Just wondering if anyone else has encountered this?

Edit: Commented on https://github.com/hashicorp/terraform/issues/2430 which appears to detail the same topic

1 Like

Yes this is perfectly normal.

For infrastructure of any complexity (which your qualifies as) I would expect to have a number of different state files in use. This can be due to the difficulties you mention (you can’t login to a Kubernetes cluster that doesn’t yet exist) but mainly is to split things into logical sections.

Trying to put too much in a single state file causes a number of issues. It can be harder to organise resources which are very different in a single code directory (yes you can use modules, but that doesn’t always make it clearer), it is slower to process (the more resources the longer it takes to refresh state, calculate changes and apply them) and prevents parallelisation (you can only run a single plan or apply against a state file at a time).

For a similar architecture we split things into several code repos/state files/build pipelines. This allows each piece to be deployed separately, keeping things quick and helping people understand what is happening a bit more easily. We then use remote state to pull necessary values from one piece of code to another.

We split as follows:

  • Account level resources (things which apply to the whole AWS account and aren’t environment specific)
  • Base resources (per environment) - VPC, EKS cluster, common SGs
  • Repo per namespace/application - both Kubernetes resources (usually using Helm) and associated AWS dependencies (SGs, S3 buckets, RDS, queues, etc.)

Once things have passed the initial setup state we find than 90% of changes are being made to the per namespace/app code, with the majority for the functionality this system is providing (as opposed to the supporting namespaces such as metrics, system or logging applications).
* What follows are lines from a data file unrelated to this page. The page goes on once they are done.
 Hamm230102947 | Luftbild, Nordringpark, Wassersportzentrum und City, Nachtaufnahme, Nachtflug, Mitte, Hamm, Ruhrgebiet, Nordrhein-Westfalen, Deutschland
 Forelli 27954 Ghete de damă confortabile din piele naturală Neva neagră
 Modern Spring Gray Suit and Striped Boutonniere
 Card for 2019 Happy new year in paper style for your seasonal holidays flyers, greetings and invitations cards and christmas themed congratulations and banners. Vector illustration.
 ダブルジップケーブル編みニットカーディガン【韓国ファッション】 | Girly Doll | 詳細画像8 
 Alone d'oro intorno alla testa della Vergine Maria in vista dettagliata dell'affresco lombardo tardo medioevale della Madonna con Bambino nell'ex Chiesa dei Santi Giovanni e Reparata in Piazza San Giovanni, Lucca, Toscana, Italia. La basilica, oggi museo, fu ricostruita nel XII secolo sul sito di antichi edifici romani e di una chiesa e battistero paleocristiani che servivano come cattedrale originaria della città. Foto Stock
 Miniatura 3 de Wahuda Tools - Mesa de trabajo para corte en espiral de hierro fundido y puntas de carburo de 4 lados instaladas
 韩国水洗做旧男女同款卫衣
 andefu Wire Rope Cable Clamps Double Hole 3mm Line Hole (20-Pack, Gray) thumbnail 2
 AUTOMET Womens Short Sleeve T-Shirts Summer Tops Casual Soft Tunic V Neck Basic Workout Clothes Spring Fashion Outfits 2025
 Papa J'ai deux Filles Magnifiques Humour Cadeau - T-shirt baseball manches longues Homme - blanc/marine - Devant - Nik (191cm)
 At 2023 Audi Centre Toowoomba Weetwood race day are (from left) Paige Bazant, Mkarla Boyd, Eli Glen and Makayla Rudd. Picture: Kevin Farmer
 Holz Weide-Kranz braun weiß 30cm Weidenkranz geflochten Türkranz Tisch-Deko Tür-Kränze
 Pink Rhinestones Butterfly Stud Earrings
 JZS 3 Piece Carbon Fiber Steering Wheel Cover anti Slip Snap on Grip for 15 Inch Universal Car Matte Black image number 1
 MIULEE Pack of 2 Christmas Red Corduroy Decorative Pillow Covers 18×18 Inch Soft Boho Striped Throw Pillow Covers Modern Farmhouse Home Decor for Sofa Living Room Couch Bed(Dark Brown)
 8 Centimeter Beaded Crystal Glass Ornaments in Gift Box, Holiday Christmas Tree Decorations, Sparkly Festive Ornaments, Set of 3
By having that code separate from everything else things are both safer (because you can’t accidentally make a code change that breaks the whole cluster) and quicker (as Terraform only has to refresh/calculate/apply changes for a small set of resources).

If we tried to have everything in a single state file, not only would we have issues as you mentioned, but more importantly every build (every time a branch is changed, including work in progress) could easily take 10 minutes longer (just to refresh all the VPC, EKS & other Kubernetes resources) as well as causing lots of state lock contention, again slowing things down.

I have a single TF state file that:
a) creates a VPC
b) creates an EKS cluster
c) deploys a bunch of stuff into the EKS cluster

I don’t have problems with dependency ordering. In one ‘terraform apply’, it can create the vpc, create the eks cluster in the newly created vpc subnets, configure credential access to the k8s cluster, and deploy a bunch of kubernetes resources. It appears to do something intelligent to delay configuration of providers and resources that rely on the output of other resources. Or am I just getting lucky?